A few weeks back, we shared that the Journal was in the running for first or second place awards in a number of categories from the California Newspaper Publishers Association. The CNPA announced its Better Newspaper Contest winners at a dinner at which our news editor Thadeus Greenson and attorney Paul Nicholas Boylan accepted the Freedom of Information Award for their two-year fight for access to video footage of a police arrest ("Under the Color of Authority," Feb. 16).

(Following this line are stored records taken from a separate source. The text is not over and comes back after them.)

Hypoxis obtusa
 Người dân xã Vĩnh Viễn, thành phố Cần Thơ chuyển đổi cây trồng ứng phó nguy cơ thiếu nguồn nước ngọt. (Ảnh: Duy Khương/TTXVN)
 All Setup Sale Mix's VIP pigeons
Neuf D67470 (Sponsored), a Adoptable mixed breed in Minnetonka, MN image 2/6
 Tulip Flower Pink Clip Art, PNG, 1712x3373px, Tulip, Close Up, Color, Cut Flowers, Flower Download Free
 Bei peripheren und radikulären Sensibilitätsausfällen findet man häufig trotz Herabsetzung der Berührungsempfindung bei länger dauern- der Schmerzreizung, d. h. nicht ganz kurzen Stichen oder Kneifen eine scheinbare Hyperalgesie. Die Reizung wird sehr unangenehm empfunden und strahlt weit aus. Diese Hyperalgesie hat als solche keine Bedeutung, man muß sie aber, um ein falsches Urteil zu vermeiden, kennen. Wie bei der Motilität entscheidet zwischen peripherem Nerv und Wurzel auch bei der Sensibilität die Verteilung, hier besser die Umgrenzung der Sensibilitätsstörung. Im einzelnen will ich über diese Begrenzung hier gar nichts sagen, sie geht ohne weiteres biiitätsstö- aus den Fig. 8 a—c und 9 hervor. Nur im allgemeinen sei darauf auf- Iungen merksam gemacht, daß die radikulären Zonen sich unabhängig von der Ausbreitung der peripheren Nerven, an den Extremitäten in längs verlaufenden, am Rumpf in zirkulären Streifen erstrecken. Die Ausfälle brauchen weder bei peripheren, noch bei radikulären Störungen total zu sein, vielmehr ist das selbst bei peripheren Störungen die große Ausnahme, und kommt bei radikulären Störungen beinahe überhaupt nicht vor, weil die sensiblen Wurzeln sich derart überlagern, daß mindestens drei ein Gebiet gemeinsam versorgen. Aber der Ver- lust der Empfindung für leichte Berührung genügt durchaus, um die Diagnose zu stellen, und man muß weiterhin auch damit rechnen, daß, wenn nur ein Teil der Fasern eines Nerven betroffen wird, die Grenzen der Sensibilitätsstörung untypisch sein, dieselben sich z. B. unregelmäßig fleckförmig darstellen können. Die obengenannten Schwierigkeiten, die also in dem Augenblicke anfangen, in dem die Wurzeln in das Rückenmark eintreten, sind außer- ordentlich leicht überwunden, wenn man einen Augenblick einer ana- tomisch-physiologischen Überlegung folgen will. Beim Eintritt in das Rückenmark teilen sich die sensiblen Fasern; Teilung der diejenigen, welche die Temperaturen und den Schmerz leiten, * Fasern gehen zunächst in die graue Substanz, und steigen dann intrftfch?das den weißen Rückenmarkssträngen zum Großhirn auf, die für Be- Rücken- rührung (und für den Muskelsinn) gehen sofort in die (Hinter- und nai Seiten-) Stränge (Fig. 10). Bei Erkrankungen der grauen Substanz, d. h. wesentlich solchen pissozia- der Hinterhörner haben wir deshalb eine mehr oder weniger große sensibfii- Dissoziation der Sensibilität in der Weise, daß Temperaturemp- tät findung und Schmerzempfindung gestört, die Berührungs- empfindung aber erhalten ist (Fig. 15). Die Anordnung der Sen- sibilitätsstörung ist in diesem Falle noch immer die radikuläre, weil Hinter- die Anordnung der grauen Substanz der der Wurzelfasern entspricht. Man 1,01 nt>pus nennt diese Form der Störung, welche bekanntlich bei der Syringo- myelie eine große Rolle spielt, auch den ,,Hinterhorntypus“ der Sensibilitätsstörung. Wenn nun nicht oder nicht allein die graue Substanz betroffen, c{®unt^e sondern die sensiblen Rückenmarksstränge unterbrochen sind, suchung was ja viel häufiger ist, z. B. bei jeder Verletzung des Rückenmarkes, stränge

We're proud of that and the six other awards we took back up north: First Place Investigative Reporting for Linda Stansberry's "The Case of the Missing $5 Million" (that's two years back-to-back for her coverage of skilled nursing closures); First Place Columns for Stansberry's Week in Weed pieces; another back-to-back for Non-Profile Feature Story for Greenson's "Sanity on Trial," detailing our legal system's handling of insanity pleas in local cases; First Place Arts & Entertainment, three years running for which I tip my editorial hat to our calendar editor Kali Cozyris and our excellent regular contributors, including Andy Powell, John J. Bennett, Grant Scott-Goforth, Pat Bitton, David Jervis, Gabrielle Gopinath, Mark McKenna and Mark Larson; Second Place Infographic for Miles Eggleston's "The Chase," a map of the police pursuit through Old Town in the story "44"; Second Place Environmental Reporting for Greenson's "Until the Sun Sets," about the Klamath dam removal project.

The Journal garnered honorable mentions, too, for Greenson's "Prove Them Wrong," Lifestyle Coverage, Breaking News for the staff cover story "Clearing the Marsh" and Infographic for Eggleston's "Humboldt County Indian Massacres" map in "American Genocide." Eggleston is kind of crushing those maps.

Those stories, written and visual, don't reach our readers without, of course, the efforts of our sales, production, distribution and administrative staff. And despite rumors of sweet pot kickbacks and payoffs from Big Pharma and whoever is responsible for all those chemtrails, the lights don't stay on over all our desks without readers who choose to make us part of their daily lives. So while we won't pretend awards don't mean a thing to us — we're human — we are most grateful for our audience right here at home. And we aim to keep earning it.